On the occasion of World Polio Day and in a move to ensure Qatar remains free of poliomyelitis, Hamad Medical Corporation (HMC) is encouraging parents to vaccinate children below the age of five against the crippling disease. Polio (poliomyelitis) is a highly infectious viral disease. It invades the nervous system and can cause irreversible paralysis in a matter of hours. Polio can strike at any age, but it mainly affects children under five years old.

According to the Supreme Council of Health’s baby immunization schedule, all children in Qatar, which is polio-free, are expected to be vaccinated against poliovirus at two, four, six and 18 months and between four to six years. “The polio vaccine protects children by preparing their bodies to fight the polio virus. Almost all children (99 children out of 100) who get all the recommended doses of the vaccine will be protected from polio.
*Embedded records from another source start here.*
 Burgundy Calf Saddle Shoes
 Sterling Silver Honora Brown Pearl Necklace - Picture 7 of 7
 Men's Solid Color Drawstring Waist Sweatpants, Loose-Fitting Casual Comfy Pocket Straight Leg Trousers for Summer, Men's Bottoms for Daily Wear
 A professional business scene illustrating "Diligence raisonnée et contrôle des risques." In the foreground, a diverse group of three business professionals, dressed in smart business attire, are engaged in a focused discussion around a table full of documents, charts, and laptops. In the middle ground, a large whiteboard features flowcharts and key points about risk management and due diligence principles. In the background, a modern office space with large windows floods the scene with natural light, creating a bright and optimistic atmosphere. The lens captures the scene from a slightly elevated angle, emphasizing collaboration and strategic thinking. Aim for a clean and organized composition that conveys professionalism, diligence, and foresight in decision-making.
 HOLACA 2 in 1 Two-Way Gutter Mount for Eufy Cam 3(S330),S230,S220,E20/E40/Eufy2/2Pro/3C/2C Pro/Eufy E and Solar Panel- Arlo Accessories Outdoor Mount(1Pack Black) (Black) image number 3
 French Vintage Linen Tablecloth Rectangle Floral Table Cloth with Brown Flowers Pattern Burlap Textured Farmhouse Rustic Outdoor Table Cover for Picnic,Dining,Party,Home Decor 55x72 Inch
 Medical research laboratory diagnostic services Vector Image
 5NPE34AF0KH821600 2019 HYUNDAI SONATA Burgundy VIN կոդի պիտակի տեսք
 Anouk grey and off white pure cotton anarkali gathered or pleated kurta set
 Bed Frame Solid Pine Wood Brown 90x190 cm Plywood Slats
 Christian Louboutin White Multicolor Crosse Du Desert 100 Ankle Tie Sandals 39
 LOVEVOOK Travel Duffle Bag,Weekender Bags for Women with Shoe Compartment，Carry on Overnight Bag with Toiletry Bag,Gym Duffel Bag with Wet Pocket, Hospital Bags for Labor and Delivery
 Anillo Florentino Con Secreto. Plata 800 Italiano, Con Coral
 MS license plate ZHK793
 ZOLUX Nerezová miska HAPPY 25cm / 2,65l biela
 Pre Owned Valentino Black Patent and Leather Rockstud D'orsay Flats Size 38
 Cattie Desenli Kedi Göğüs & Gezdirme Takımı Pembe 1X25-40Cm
There are two types of vaccine that can prevent polio: inactivated poliovirus vaccine (IPV) and oral poliovirus vaccine (OPV),” said HMC’s Senior Consultant in Pediatrics, Dr. Magda Ahmed Youssef.

According to the World Health Organization (WHO), despite the progress achieved in polio eradication since 1988, as long as a single child remains infected with poliovirus, children in all countries are at risk of contracting the disease. The WHO says the poliovirus can easily be imported into a polio-free country and can spread rapidly amongst unimmunized populations. Failure to eradicate polio could result in as many as 200,000 new cases every year, within 10 years; this could spread all over the world.

The WHO also noted that one in 200 polio infections lead to irreversible paralysis. Among those paralyzed, five to ten percent die when their breathing muscles become immobilized. The health organization also noted that polio cases have decreased by over 99% since 1988, from an estimated 350 000 cases to 359 reported cases in 2014. The reduction is the result of the global effort to eradicate the disease. Today, only two countries (Afghanistan and Pakistan) remain polio-endemic, down from more than 125 in 1988.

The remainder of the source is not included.